• **Task goal**: The answer must reproduce all of the data below exactly and contain no images.
:: Collected material ::
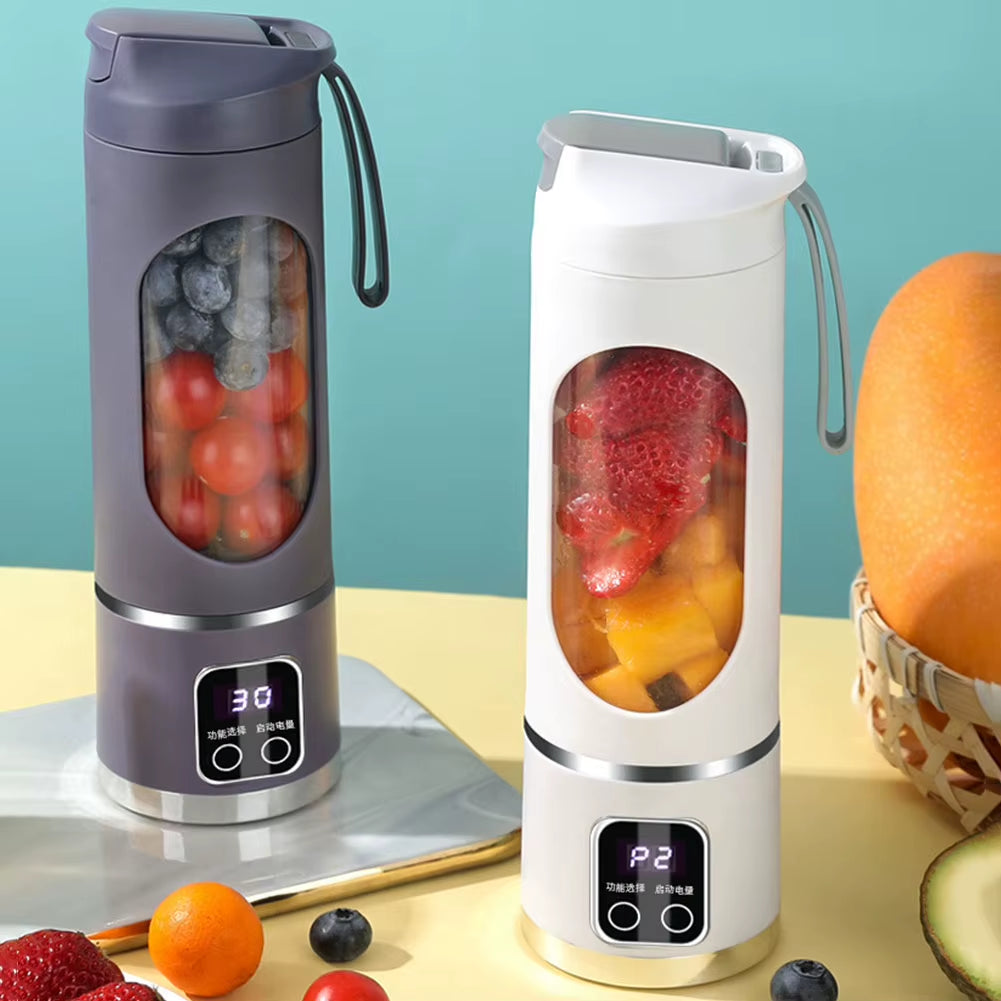 Portable Electric Juicer USB Wireless Charging Mini Juicer Bottle 450Ml Cup Fruit Mixer Electric Handheld Blender for Home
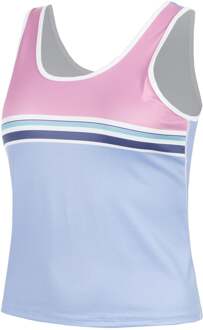 Retrospective Tanktop Dames-Lichtblauw,Roze - XS,S,M,L,XL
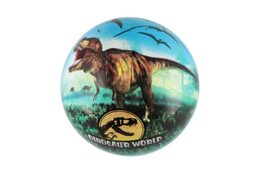 Míč Svět dinosaurů nafouknutý 14cm v síťce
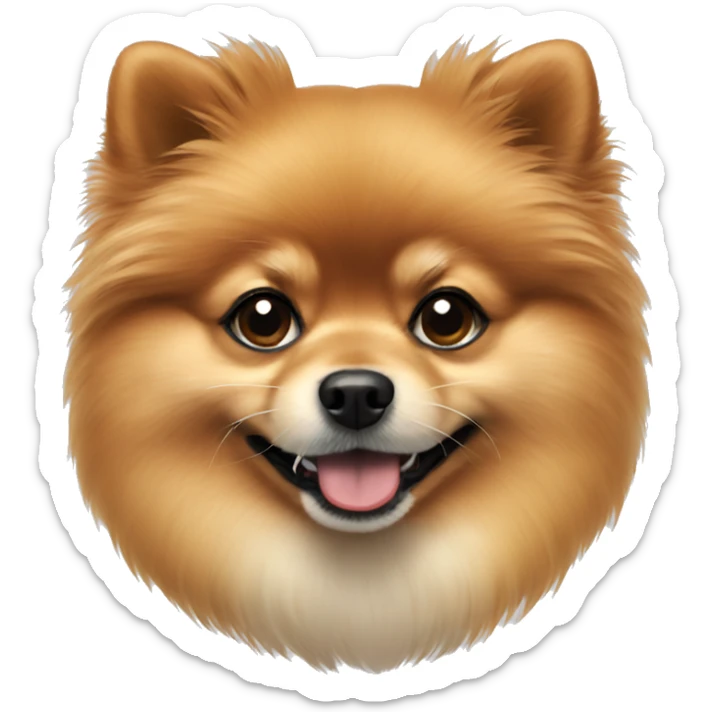 Pomeranian  sticker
:::
• **Output of the exercise**:
 Portable Electric Juicer USB Wireless Charging Mini Juicer Bottle 450Ml Cup Fruit Mixer Electric Handheld Blender for Home
 Retrospective Tanktop Dames-Lichtblauw,Roze - XS,S,M,L,XL
 Míč Svět dinosaurů nafouknutý 14cm v síťce
 Pomeranian  sticker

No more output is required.